Читать книгу «Смерть в душе» онлайн полностью📖 — Жана-Поля Сартра — MyBook.
image
cover

– Это макаронник, – сказал Шарло.

Заспанные голоса стали клясть самолет. Они привыкли к небрежному эскорту немецких самолетов, к циничной, безвредной, болтливой войне: это была их война. Итальянцы в эту игру не играли, они бросали бомбы.

– Макаронник? Так я и поверил! – возразил Люберон. – Ты что, не слышишь, как четко работает мотор? Это «мессершмитт», модель 37.

Под одеялами наступила разрядка; запрокинутые лица заулыбались немецкому самолету. Матье услышал несколько глухих взрывов, и в небе образовались четыре маленьких круглых облачка.

– Бляди! – выругался Шарло. – Теперь они стреляют в немцев.

– За это нас всех перебьют, – раздраженно сказал Лонжен.

А Шварц с презрением добавил:

– Эти придурки еще ничего не поняли.

Раздалось еще два взрыва, и над тополями появились два темных ватных облака.

– Бляди! – повторил Шарло. – Бляди!

Пинетт приподнялся на локте. Его красивое парижское личико было розовым и свежим. Он высокомерно посмотрел на своих товарищей.

– Они делают свое дело, – сухо сказал он.

Шварц пожал плечами:

– А зачем это сейчас?

Противовоздушная оборона умолкла; облака рассосались; слышно было только гордое и четкое пение.

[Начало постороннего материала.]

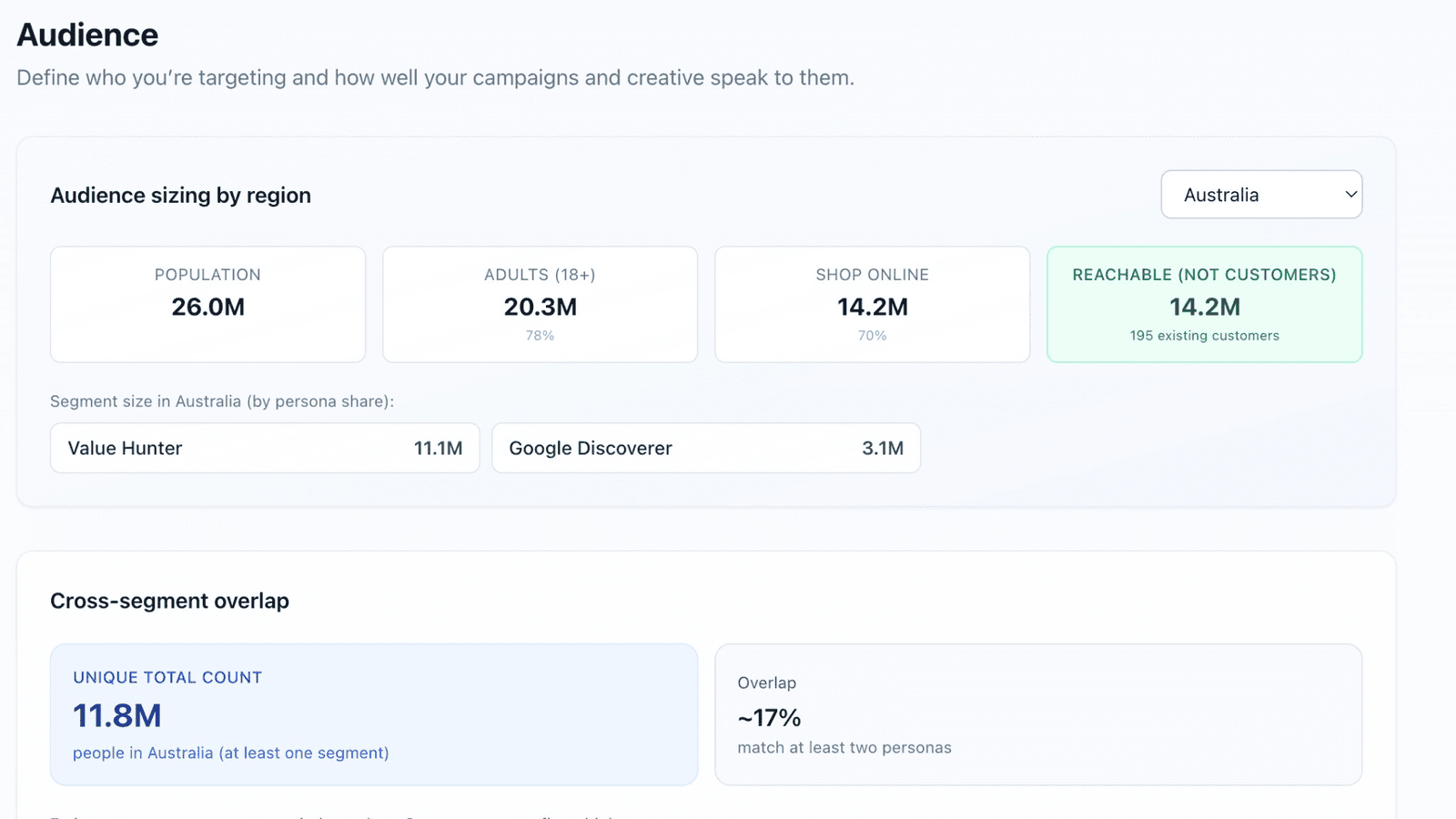 Audience screen showing audience sizing by region with population, adults, online shoppers and reachable non-customers, plus segment sizes by persona and cross-segment overlap.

– Я его больше не вижу, – сказал Ниппер.

– Нет, нет, он там, на конце моего пальца.

Белый овощ вышел из-под земли и указывал ввысь, на самолет: Шарло спал голым под одеялом.

– Лежи спокойно, – встревожился сержант Пьерне, – ты нас обнаружишь.

– Еще чего! В такой час он нас принимает за цветную капусту.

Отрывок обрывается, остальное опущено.